Optional build-time settings:
| Config Option | Default | Description |
|---|---|---|
CONFIG_KFENCE |
n | Enable KFENCE |
CONFIG_KFENCE_SAMPLE_INTERVAL |
100 | Default sampling interval in milliseconds |
CONFIG_KFENCE_NUM_OBJECTS |
255 | Number of objects in the KFENCE pool |
CONFIG_KFENCE_STRESS_TEST_FAULTS |
0 | Inject faults for testing KFENCE itself |
Runtime Tuning
The sampling interval can be adjusted at runtime without rebooting:
# Check current sampling interval (milliseconds)
cat /sys/module/kfence/parameters/sample_interval
# Increase interval (less overhead, fewer catches)
echo 500 > /sys/module/kfence/parameters/sample_interval
# Decrease interval (more overhead, more catches)
echo 50 > /sys/module/kfence/parameters/sample_interval
# Disable KFENCE at runtime
echo 0 > /sys/module/kfence/parameters/sample_interval
Boot Parameters
You can also set the interval at boot:
Performance Characteristics
Why It Is Safe for Production
KFENCE was designed from the ground up for production use:
Near-zero fast-path overhead: The sampling check uses a static branch that compiles to a NOP instruction. On x86, this means zero additional instructions in the allocation fast path when KFENCE is not sampling (which is >99.99% of the time).
Fixed memory cost: The KFENCE pool is allocated at boot and has a fixed size. With the default 255 objects, the pool is (255 + 1) * 2 = 512 pages (~2MB), interleaving object slots with guard pages. This does not grow.
No compiler instrumentation: Unlike KASAN, KFENCE does not require compiler support or code changes. It works with any compiler and does not increase code size.
No shadow memory: KASAN requires shadow memory proportional to total system memory (typically 1/8th of RAM). KFENCE uses only its fixed pool regardless of system memory size.

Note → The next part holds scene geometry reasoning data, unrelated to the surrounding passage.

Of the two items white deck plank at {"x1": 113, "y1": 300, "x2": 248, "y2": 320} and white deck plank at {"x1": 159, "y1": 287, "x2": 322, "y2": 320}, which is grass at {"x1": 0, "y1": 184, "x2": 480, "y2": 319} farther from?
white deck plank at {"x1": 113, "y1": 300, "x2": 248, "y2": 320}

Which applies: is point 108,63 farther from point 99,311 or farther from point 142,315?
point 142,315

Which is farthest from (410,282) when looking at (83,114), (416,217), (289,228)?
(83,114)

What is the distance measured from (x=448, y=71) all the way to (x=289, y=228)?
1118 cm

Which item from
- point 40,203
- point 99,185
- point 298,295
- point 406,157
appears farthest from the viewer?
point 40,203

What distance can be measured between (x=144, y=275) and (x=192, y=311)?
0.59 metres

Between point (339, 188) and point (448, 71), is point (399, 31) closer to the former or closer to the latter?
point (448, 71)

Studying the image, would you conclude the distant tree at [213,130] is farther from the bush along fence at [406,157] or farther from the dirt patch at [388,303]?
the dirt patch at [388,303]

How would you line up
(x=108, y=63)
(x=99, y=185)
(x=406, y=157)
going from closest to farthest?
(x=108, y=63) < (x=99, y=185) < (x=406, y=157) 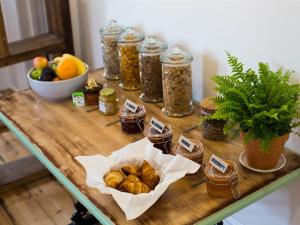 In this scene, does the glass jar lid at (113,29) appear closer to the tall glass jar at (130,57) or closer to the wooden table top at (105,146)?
the tall glass jar at (130,57)

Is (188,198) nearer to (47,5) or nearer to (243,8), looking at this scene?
(243,8)

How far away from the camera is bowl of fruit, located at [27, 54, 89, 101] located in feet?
5.86

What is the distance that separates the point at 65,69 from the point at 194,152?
736mm

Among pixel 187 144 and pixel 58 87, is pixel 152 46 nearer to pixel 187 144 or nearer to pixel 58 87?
pixel 58 87

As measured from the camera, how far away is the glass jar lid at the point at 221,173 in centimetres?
121

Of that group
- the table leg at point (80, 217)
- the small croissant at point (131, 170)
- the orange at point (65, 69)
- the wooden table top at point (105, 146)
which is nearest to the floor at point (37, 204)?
the table leg at point (80, 217)

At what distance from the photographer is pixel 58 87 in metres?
1.78

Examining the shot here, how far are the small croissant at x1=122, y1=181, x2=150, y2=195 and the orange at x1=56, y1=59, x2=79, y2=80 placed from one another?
2.45 ft

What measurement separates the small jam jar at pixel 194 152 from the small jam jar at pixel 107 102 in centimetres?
41

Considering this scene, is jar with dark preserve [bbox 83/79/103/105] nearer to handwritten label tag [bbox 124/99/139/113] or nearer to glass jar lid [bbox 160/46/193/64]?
handwritten label tag [bbox 124/99/139/113]

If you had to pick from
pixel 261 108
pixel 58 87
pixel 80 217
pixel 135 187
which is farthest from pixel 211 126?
pixel 80 217

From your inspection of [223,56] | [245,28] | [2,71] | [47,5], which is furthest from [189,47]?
[2,71]

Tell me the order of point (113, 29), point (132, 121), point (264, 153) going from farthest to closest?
point (113, 29)
point (132, 121)
point (264, 153)

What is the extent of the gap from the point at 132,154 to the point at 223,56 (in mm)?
523
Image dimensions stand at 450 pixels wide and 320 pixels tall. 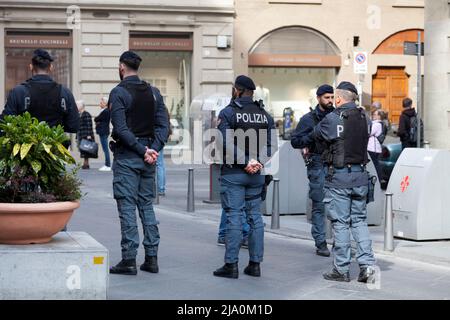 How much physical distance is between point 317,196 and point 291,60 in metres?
19.0

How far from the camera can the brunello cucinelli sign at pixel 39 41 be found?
27.8 m

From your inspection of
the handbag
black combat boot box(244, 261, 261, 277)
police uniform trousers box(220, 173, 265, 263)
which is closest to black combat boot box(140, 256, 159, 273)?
police uniform trousers box(220, 173, 265, 263)

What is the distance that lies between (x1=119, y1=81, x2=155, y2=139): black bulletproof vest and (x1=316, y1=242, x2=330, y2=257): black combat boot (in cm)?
285

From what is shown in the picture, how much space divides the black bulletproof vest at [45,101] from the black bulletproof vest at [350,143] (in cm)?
270

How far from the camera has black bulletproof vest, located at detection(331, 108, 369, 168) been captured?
953 centimetres

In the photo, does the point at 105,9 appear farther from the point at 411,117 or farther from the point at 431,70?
the point at 431,70

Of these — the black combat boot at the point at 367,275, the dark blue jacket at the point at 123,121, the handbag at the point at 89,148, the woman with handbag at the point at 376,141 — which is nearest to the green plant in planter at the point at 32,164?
the dark blue jacket at the point at 123,121

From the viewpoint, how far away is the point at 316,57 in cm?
3009

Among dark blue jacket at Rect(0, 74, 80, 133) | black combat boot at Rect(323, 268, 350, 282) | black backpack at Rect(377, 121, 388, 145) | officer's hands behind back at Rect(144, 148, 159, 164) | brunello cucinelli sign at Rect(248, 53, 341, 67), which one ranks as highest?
brunello cucinelli sign at Rect(248, 53, 341, 67)

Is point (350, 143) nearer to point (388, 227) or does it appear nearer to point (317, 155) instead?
point (317, 155)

| Metric | KASAN (generic) | KFENCE |
|---|---|---|
| CPU overhead | High (see KASAN docs) | Near-zero (see KFENCE docs) |
| Memory overhead | ~12.5% of RAM | ~2MB fixed |
| Code size increase | Significant | None |
| Production safe | No | Yes |
The Trade-off
The cost of low overhead is probabilistic detection. KFENCE will not catch every bug immediately. A bug must hit a KFENCE-protected allocation to be detected. Detection time depends on the bug's frequency and the sampling interval — high-frequency bugs are caught faster, while rare bugs require more time.
Try It Yourself
Check if KFENCE Is Enabled
# Check kernel config
zcat /proc/config.gz 2>/dev/null | grep KFENCE || grep KFENCE /boot/config-$(uname -r)
# Check if KFENCE is active (non-zero interval means active)

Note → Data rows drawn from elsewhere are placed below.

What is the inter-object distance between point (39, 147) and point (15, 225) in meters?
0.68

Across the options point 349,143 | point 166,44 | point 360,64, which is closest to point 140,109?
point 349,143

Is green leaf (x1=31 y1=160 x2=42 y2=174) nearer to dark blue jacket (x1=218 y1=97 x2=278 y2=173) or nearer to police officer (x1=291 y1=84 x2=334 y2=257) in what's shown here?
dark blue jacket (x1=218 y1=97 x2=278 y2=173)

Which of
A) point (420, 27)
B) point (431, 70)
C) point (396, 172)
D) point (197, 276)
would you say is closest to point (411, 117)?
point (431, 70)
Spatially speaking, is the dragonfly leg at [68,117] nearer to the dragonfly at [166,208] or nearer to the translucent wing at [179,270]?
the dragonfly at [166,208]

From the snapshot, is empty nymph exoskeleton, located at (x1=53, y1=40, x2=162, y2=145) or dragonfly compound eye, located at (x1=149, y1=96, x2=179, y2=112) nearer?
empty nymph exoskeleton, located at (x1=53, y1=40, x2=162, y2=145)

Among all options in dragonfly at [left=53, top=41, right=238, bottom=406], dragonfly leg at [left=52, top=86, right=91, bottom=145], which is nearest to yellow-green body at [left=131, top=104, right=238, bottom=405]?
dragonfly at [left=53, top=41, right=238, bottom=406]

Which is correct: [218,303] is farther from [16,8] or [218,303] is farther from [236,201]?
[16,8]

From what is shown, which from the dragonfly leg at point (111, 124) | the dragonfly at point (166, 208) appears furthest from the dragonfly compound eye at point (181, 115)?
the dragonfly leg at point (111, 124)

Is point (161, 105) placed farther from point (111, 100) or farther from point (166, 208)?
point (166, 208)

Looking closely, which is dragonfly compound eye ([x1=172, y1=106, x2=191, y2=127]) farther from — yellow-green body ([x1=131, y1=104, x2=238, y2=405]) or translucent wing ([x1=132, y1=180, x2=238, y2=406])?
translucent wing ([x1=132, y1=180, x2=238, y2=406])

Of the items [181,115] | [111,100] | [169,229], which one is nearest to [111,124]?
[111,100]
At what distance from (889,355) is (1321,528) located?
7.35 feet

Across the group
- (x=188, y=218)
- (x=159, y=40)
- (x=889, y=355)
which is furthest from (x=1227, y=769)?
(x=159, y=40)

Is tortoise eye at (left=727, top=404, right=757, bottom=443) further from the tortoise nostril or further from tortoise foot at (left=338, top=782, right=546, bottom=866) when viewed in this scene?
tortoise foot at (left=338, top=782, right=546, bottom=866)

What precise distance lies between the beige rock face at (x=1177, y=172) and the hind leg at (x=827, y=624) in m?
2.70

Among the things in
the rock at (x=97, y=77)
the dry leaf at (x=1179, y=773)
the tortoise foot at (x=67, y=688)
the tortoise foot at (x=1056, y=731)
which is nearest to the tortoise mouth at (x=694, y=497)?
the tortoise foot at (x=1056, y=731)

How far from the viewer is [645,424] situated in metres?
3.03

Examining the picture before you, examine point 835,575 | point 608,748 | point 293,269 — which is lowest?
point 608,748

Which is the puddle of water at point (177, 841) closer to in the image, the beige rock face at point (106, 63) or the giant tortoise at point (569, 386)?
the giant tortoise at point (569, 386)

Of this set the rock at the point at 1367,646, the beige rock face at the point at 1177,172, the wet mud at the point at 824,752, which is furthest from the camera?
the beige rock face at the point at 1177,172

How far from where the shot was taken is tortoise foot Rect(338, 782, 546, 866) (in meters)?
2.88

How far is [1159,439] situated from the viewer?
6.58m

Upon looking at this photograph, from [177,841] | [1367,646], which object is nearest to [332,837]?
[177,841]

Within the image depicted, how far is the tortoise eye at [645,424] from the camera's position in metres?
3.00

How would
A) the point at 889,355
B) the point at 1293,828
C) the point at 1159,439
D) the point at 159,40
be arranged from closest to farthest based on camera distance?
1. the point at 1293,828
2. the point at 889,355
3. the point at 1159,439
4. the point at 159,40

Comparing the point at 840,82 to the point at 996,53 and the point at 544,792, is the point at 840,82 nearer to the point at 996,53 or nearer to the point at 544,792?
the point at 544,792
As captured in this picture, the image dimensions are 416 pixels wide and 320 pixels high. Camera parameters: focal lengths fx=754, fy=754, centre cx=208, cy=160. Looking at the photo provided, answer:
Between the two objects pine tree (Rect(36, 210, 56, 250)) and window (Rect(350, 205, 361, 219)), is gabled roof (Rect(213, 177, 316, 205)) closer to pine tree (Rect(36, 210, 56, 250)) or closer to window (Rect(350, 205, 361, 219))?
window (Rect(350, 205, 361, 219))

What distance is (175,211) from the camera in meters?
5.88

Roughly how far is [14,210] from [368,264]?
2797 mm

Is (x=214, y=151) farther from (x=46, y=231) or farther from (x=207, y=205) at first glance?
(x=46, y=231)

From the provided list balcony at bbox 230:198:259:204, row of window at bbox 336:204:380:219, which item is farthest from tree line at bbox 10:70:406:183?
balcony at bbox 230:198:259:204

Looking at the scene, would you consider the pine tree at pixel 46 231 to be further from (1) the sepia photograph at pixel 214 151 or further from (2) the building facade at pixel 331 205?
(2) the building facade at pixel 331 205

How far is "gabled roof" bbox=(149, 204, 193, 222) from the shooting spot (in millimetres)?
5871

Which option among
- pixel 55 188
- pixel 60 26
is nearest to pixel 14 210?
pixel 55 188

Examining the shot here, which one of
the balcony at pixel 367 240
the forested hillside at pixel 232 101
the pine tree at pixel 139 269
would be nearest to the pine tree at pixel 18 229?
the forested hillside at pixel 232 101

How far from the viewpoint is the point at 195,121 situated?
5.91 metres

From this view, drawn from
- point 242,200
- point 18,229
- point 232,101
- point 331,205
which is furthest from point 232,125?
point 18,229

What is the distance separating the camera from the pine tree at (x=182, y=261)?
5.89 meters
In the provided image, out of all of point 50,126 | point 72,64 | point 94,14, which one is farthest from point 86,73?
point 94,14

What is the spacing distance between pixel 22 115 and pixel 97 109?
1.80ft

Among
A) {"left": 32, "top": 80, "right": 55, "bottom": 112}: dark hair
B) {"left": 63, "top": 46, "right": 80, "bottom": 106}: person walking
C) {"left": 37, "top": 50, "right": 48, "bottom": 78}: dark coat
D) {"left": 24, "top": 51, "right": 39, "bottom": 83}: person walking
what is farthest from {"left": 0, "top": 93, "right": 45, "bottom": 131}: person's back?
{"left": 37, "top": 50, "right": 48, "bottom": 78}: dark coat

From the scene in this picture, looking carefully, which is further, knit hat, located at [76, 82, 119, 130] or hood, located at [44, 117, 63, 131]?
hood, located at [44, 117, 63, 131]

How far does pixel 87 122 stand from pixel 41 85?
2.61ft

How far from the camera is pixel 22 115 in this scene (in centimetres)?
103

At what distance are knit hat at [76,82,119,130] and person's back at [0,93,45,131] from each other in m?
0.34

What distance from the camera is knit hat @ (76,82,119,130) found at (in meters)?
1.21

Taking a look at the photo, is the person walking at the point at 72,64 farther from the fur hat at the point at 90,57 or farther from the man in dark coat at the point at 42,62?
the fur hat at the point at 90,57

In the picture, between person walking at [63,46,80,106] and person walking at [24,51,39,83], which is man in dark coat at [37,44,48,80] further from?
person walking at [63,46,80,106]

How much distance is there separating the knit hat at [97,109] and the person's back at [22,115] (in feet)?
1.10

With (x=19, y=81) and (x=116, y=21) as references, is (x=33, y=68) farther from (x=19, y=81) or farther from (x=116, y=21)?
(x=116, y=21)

cat /sys/module/kfence/parameters/sample_interval
Monitor KFENCE Activity
# KFENCE statistics are available via debugfs
cat /sys/kernel/debug/kfence/stats
# Example output:
# enabled: 1
# objects allocated: 189
# objects freed: 42
# zombie allocations: 0
# skip allocs (pool full): 312
# bugs found: 0
Trigger a Test Bug (in a VM)
Warning
Only do this in a test VM or QEMU instance, never on a production system.

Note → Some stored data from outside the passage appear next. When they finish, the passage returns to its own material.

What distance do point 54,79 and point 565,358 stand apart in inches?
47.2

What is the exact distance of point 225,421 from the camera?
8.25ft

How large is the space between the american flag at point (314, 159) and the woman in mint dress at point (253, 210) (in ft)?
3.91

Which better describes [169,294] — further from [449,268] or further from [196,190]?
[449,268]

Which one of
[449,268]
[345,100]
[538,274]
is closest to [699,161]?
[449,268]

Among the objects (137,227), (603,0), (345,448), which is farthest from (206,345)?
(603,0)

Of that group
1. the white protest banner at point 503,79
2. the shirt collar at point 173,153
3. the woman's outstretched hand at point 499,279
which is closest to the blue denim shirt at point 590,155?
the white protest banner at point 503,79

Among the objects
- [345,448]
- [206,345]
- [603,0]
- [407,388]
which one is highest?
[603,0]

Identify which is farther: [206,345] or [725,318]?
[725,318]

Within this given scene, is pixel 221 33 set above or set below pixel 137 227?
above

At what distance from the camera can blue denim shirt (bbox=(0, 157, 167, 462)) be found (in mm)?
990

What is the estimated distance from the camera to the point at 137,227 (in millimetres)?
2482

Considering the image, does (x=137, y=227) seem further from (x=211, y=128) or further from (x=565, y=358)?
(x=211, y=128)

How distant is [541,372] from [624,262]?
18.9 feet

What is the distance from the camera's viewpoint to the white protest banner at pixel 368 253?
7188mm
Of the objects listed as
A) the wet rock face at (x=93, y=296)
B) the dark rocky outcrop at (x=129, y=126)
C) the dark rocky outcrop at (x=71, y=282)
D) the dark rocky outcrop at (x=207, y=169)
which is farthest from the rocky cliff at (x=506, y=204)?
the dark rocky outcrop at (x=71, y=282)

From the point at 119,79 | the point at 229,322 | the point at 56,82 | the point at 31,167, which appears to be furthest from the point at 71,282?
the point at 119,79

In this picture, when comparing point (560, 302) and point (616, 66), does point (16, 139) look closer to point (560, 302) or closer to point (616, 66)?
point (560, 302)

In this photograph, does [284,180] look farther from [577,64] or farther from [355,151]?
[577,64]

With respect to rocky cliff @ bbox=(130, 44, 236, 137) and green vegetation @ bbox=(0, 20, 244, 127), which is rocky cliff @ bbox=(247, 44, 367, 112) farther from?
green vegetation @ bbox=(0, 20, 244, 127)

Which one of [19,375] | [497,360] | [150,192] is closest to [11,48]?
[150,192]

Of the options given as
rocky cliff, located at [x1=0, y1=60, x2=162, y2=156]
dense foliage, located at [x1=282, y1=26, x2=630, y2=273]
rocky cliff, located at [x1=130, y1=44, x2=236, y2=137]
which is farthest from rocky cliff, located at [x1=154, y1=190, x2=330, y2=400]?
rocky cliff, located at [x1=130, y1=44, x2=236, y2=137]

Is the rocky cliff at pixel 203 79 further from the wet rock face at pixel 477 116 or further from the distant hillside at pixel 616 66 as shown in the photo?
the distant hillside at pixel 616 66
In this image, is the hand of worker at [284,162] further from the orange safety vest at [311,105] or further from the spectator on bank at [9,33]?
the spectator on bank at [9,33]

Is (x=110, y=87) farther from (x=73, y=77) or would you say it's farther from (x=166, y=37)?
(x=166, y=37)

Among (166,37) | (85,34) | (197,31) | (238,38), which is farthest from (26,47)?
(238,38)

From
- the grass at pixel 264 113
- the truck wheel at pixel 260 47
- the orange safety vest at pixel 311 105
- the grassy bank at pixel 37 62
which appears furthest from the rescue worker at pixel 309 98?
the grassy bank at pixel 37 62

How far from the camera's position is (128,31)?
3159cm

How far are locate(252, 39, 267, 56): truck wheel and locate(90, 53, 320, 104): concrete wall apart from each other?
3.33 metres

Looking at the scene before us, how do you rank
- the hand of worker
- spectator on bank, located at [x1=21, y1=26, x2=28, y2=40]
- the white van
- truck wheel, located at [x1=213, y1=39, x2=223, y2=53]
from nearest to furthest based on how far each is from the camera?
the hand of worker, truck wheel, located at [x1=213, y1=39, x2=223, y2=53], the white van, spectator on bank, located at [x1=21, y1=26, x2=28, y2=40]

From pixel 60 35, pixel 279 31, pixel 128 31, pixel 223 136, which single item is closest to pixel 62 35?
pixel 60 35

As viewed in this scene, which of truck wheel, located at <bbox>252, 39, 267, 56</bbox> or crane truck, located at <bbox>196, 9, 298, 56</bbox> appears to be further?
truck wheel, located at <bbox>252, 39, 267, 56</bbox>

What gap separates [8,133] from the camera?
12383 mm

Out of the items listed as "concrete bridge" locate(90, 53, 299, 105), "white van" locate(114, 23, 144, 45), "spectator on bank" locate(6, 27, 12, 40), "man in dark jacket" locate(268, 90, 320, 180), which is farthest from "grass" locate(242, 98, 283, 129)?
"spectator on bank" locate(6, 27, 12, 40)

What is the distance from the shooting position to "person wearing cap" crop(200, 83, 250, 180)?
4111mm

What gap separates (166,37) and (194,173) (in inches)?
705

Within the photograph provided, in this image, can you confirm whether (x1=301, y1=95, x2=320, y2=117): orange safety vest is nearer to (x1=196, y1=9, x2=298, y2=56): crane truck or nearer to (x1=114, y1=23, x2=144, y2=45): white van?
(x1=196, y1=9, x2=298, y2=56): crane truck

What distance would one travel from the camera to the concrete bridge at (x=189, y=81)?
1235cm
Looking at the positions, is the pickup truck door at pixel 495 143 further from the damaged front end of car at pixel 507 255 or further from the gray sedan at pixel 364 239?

The kernel includes a KFENCE test module:
# Build with CONFIG_KFENCE_KUNIT_TEST=y
# Run the KFENCE KUnit tests
modprobe kfence_test
# Or run via KUnit framework
./tools/testing/kunit/kunit.py run kfence
Tuning for Your Workload
# Start conservative (default 100ms)
cat /sys/module/kfence/parameters/sample_interval
# If you want faster detection and can tolerate minimal overhead:
echo 20 > /sys/module/kfence/parameters/sample_interval
# Monitor for any detected bugs
dmesg | grep -i kfence
History
v5.12: Introduction (2021)
Commits:
- 0ce20dd84089 ("mm: add Kernel Electric Fence infrastructure")
- bc8fbc5f305a ("mm, kfence: insert KFENCE hooks for SLAB")
- d3fb45f370d9 ("mm, kfence: insert KFENCE hooks for SLUB")
Authors: Marco Elver and Alexander Potapenko (Google)
Kernel: v5.12
KFENCE was developed at Google. The v1 RFC (September 2020) describes the original design rationale and motivation for upstreaming a production-grade sampling-based detector.
The patch series went through extensive review on LKML: KFENCE v7 patch series (November 2020, merged for v5.12 in early 2021).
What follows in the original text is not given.